Suddenly, an icy breath touched his back, though no wind stirred in this nook among the rocks. The artist turned.
Along a path invisible behind the stones, a groke had crept almost to his side. Quite a small one, scarcely taller than himself, and pale, almost white. Well, this is the end. Some refuge I’ve found, he thought.
“Snufkin,” the creature suddenly said, distinctly. The artist froze, dumbfounded, losing any chance of escape. Grokes cannot speak, they only howl, moan, sigh. And what was that word, in what language? “You’ve come back. At last. Everyone’s waiting for you. Moomin’s waiting. Go on, quickly.”
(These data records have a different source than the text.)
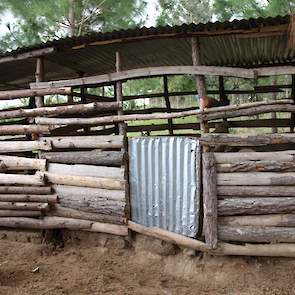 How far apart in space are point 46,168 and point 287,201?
409 cm

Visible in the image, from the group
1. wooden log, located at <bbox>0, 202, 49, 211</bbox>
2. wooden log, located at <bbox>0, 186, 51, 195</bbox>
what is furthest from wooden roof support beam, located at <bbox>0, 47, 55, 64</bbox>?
wooden log, located at <bbox>0, 202, 49, 211</bbox>

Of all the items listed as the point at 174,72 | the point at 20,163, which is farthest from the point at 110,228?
the point at 174,72

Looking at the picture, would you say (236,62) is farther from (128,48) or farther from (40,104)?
(40,104)

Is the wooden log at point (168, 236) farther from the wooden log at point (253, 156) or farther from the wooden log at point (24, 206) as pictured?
the wooden log at point (24, 206)

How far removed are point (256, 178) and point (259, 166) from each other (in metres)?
0.18

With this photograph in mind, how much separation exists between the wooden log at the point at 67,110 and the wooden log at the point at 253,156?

And then she began humming to herself, retreating and circling in an awkward semblance of a dance. With every swish of her skirts, a glossy film of ice formed on the stones, but overall… The cold she radiated was quite ordinary, not the deadly frost that instantly sheaths one’s flesh in ice-needles, as described in certain books and travellers' tales.
“He’s back,” she repeated between the droning sounds in which the artist, with some difficulty, recognised the tune he had just been playing. “Snufkin’s back.”
Ah, so that was a name! His name! He must remember it. The new Snufkin smiled at this first successful phase and decided to test the depth and nature of this acquaintance.
“Yes, I’m back. But don’t tell anyone just yet, will you?”
The groke did not miss a step or a beat.
“All right. Won’t tell. Ah, he’s back. A good fellow’s come back.”
Well, of course, what would a bandit consort with, if not a monster? Much later, the new Snufkin would come to know this anomalously harmless creature better, but even then he would ignore her opinion of his predecessor. For now, he smiled and continued on his way.
He descended into the valley after sunset, beneath an enormous cheese-yellow moon, and in its light he easily spotted the silver-grey pelt of a small moomintroll running towards the river. Was that the one Snufkin the First had mentioned? He should follow and hope for a suitable moment for his “return”.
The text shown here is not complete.